## Work instruction
Only the pictures should be left out; write out all other data exactly.

*** Opening of Data extract ***

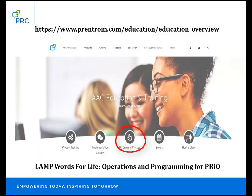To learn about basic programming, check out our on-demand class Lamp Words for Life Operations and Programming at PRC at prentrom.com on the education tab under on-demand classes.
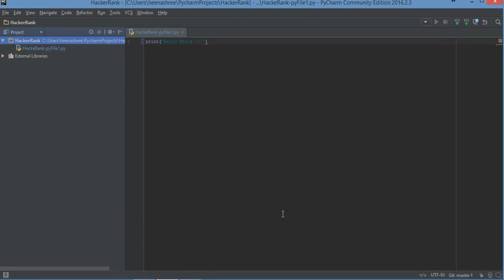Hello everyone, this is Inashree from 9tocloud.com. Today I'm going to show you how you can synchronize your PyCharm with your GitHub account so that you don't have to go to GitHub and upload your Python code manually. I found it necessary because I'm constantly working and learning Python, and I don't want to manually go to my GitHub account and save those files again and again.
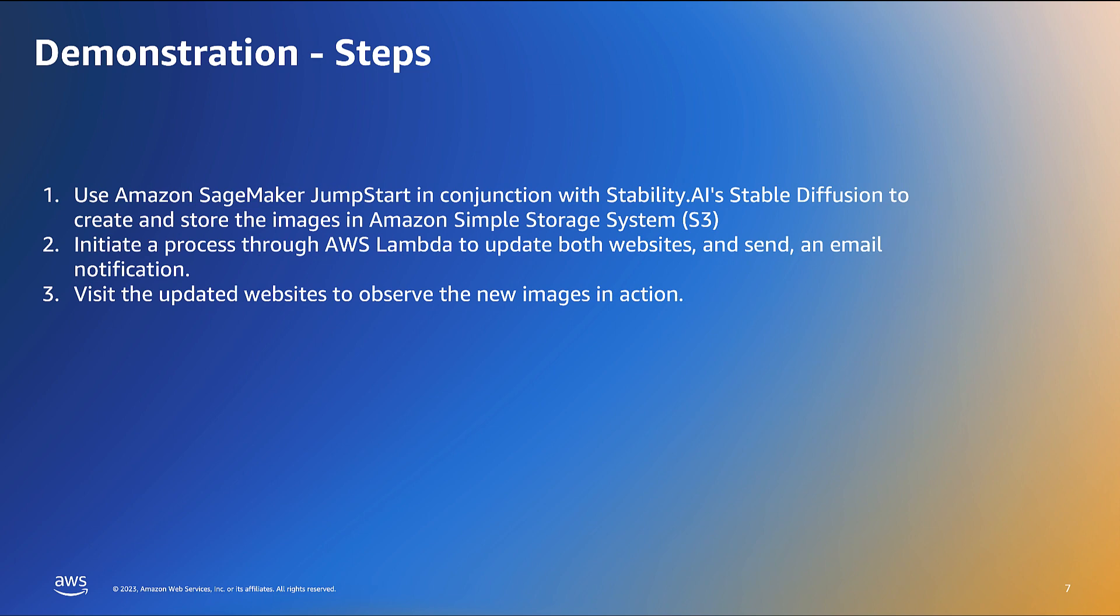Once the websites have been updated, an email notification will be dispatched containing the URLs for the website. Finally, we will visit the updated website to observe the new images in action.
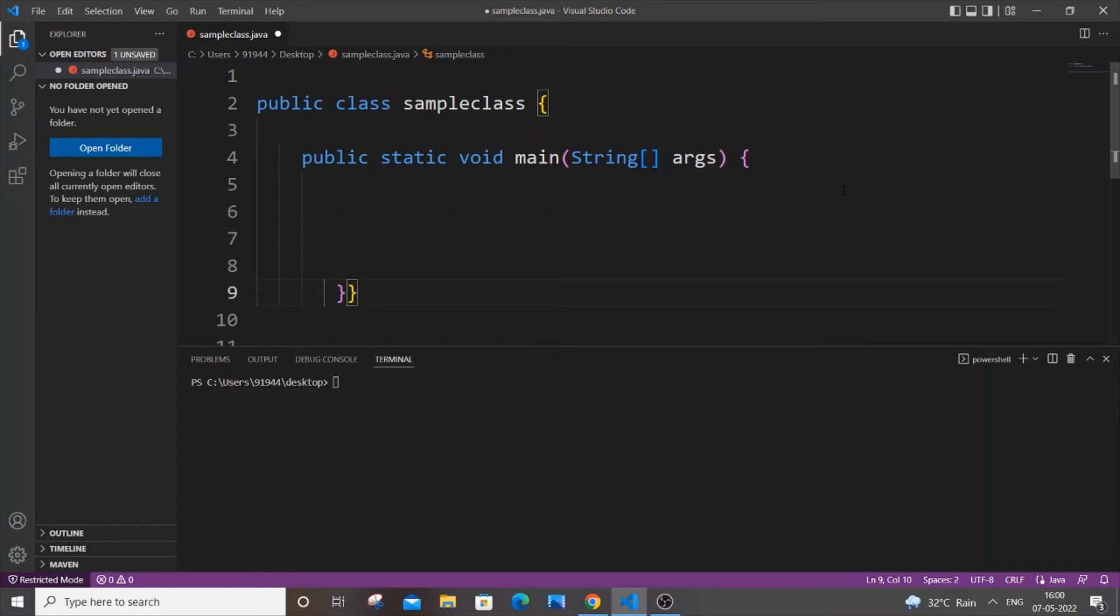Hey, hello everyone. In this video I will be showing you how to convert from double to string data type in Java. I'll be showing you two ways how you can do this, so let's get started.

*** Close of Data extract ***

## Response
To learn about basic programming, check out our on-demand class Lamp Words for Life Operations and Programming at PRC at prentrom.com on the education tab under on-demand classes.
Hello everyone, this is Inashree from 9tocloud.com. Today I'm going to show you how you can synchronize your PyCharm with your GitHub account so that you don't have to go to GitHub and upload your Python code manually. I found it necessary because I'm constantly working and learning Python, and I don't want to manually go to my GitHub account and save those files again and again.
Once the websites have been updated, an email notification will be dispatched containing the URLs for the website. Finally, we will visit the updated website to observe the new images in action.
Hey, hello everyone. In this video I will be showing you how to convert from double to string data type in Java. I'll be showing you two ways how you can do this, so let's get started.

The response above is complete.